There was a higher representation of blacks among patients with anemia (Table 1). There were more patients with orthopnea, peripheral edema, and NYHA functional class III/IV amongst patients with anemia. Patients with anemia had a higher prevalence of co-morbidities like diabetes mellitus, coronary artery disease, and renal insufficiency. These patients had a higher prevalence of recent hospitalization and the concentration of markers of myocardial stretch (BNP and NT-proBNP). There was no difference in the LVEF or global longitudinal strain. The proportion of patients on spironolactone was similar in the 2 groups (Table 1).
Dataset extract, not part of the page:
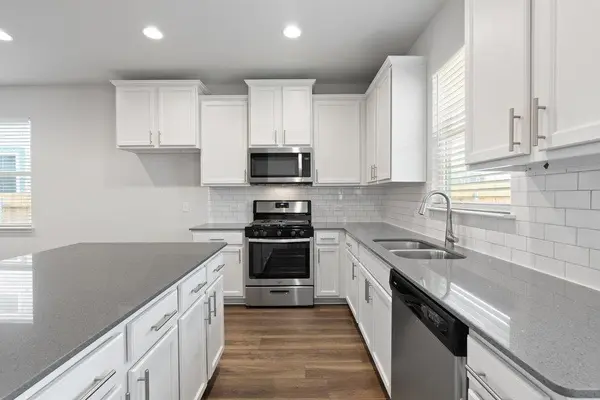 457 Elephant Island LOOP, Kyle, TX 78640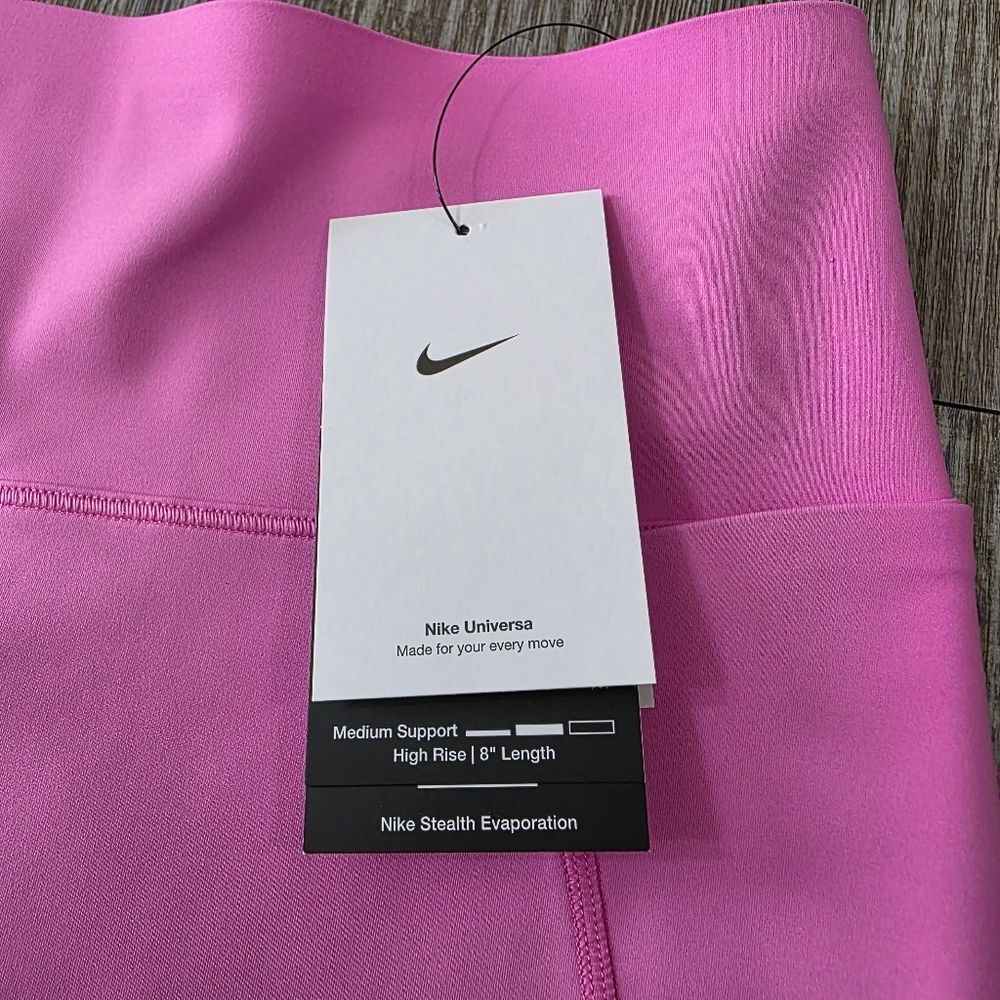 Nike Universa Women's High-Waisted 8" Biker Gym Shorts Seamless Front Pink M New - Picture 6 of 15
In the TOPCAT-Americas, there were 517 patients with the primary outcome, with an annual rate of 11.4% (95% CI 10.5, 12.4) over 2.4 years of follow-up (IQR 1.4–3.9). Patients with anemia had a 52% higher risk of the primary outcome as compared to those without anemia (IR 16.4 vs. 8.4 events per 100 person-years, Adjusted HR [AHR]: 1.52, p<0.001) (Table 2). With every 1 g/dl decrease in hemoglobin, there was a 17.0% (p<0.001) increase in the adjusted incidence rate of the primary outcome (Figure 2). There was no interaction between hemoglobin and gender (p=0.915) or hemoglobin and the use of spironolactone (p=0.632) on the risk of the primary outcome.

Table 2:

Outcomes in the TOPCAT-Americas Population Stratified by Anemia

Hazard Ratio*
Outcome n/N Median Follow-up Time (in years) Unadjusted P-value Adjusted (n=1728) P-value
Primary Outcome 517/1748 2.4 1.90 (1.60, 2.26) <0.001 1.52 (1.27 to 1.83) <0.001
Mortality
All-cause 385/1748 2.9 1.62 (1.32 to 1.97) <0.001 1.40 (1.14 to 1.74) 0.002
CV mortality 221/1748 2.9 1.65 (1.27 to 2.16) 0.001 1.47 (1.11 to 1.94) 0.007
Non-CV mortality 164/1748 2.9 1.56 (1.15 to 2.12) 0.004 1.31 (0.95 to 1.82) 0.104
Hospitalization
All cause hospitalization 1051/1748 1.5 1.46 (1.29 to 1.65) <0.001 1.26 (1.11 to 1.44) <0.001
HF hospitalization 396/1748 2.4 2.03 (1.67 to 2.49) <0.001 1.56 (1.26 to 1.93) <0.001
Other events
Aborted cardiac arrest 6/1748 2.9 1.69 (0.34 to 8.48) 0.521 0.81 (0.11 to 5.78) 0.832
Myocardial Infarction 94/1748 2.6 1.52 (1.02 to 2.29) 0.041 1.43 (0.93 to 2.21) 0.103
Stroke 77/1748 2.8 1.15 (0.73 to 1.81) 0.535 1.06 (0.66 to 1.71) 0.797
Open in a new tab
*

with no anemia as the reference standard.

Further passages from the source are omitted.